__EXERCISE REQUIREMENTS__. Transcribe the records below exactly, from their first line through the line containing "Omega, Seamaster, Planet". Omit every line after it.

__Data items__.
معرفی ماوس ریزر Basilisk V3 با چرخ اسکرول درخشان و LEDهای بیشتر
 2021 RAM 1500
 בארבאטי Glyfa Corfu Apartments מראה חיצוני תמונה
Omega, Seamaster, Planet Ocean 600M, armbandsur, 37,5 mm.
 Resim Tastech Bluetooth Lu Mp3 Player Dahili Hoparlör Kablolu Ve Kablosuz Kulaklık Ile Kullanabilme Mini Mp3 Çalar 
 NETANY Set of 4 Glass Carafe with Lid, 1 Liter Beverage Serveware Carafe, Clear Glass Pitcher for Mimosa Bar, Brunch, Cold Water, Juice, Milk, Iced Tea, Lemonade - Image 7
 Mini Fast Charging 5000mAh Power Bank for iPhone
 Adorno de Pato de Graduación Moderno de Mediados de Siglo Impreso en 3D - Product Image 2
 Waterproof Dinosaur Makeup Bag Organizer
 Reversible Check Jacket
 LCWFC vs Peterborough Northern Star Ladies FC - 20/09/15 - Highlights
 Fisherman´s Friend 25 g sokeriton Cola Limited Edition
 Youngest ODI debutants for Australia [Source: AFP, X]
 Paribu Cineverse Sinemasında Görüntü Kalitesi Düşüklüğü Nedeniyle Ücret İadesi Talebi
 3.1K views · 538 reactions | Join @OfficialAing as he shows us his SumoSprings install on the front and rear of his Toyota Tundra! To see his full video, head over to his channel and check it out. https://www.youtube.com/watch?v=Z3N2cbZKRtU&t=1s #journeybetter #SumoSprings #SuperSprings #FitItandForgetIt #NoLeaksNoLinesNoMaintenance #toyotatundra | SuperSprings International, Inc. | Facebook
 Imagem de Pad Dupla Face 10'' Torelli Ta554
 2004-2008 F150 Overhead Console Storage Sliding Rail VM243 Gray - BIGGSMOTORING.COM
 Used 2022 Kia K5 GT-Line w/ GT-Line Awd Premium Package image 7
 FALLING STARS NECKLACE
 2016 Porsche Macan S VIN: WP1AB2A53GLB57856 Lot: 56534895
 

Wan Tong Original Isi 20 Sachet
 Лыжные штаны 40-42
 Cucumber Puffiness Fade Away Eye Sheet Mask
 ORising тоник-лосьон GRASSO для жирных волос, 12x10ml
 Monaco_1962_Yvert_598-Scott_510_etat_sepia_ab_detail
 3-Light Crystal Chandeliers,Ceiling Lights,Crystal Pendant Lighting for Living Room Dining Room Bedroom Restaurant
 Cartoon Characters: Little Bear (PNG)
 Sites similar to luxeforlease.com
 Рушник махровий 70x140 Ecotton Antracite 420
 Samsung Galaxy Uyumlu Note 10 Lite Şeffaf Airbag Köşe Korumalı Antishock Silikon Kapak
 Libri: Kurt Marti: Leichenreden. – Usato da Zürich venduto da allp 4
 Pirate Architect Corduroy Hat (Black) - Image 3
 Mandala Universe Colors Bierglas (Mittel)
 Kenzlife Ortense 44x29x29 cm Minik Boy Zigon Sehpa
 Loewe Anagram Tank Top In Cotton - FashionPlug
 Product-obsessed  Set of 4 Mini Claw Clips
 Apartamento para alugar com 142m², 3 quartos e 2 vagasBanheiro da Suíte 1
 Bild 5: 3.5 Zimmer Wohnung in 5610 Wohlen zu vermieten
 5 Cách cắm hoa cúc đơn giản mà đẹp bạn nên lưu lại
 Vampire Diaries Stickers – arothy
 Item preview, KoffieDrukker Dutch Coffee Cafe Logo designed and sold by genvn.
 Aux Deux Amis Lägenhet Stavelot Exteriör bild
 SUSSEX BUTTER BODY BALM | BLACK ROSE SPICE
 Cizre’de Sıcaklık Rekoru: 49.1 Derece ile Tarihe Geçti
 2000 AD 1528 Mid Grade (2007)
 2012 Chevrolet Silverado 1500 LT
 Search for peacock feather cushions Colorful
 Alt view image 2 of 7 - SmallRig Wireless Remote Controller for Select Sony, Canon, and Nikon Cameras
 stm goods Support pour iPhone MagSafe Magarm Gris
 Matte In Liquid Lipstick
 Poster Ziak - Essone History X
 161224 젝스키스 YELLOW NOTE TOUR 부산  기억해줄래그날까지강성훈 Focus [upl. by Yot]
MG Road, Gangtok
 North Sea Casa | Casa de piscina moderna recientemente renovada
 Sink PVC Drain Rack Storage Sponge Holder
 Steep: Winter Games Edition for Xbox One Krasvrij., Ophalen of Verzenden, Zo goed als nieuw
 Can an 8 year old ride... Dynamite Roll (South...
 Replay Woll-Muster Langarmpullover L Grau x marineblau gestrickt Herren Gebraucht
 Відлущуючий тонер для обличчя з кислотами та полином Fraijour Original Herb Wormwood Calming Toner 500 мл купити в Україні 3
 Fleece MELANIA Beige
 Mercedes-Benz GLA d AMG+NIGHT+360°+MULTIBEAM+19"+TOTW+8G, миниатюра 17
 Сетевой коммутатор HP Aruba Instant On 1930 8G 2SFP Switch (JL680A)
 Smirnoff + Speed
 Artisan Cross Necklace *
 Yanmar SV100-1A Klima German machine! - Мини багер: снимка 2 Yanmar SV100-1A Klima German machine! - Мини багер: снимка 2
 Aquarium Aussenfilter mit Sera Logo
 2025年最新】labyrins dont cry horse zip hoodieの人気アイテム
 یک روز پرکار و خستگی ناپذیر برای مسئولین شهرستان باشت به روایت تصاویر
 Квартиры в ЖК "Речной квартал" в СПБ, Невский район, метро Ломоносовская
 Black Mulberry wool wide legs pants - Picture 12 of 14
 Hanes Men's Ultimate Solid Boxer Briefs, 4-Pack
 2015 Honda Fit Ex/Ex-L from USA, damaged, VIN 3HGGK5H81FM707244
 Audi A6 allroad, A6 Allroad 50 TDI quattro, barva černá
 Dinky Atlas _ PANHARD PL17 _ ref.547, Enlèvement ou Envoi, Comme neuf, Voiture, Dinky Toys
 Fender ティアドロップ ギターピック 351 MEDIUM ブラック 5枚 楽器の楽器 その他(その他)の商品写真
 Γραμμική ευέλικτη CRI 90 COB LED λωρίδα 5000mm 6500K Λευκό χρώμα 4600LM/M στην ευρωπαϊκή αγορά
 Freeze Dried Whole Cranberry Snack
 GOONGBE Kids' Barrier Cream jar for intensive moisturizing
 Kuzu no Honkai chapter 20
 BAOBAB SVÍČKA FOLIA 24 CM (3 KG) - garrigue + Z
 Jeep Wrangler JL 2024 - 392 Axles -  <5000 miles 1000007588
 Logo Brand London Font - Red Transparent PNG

__REPLY TO THE EXERCISE__.
معرفی ماوس ریزر Basilisk V3 با چرخ اسکرول درخشان و LEDهای بیشتر
 2021 RAM 1500
 בארבאטי Glyfa Corfu Apartments מראה חיצוני תמונה
Omega, Seamaster, Planet Ocean 600M, armbandsur, 37,5 mm.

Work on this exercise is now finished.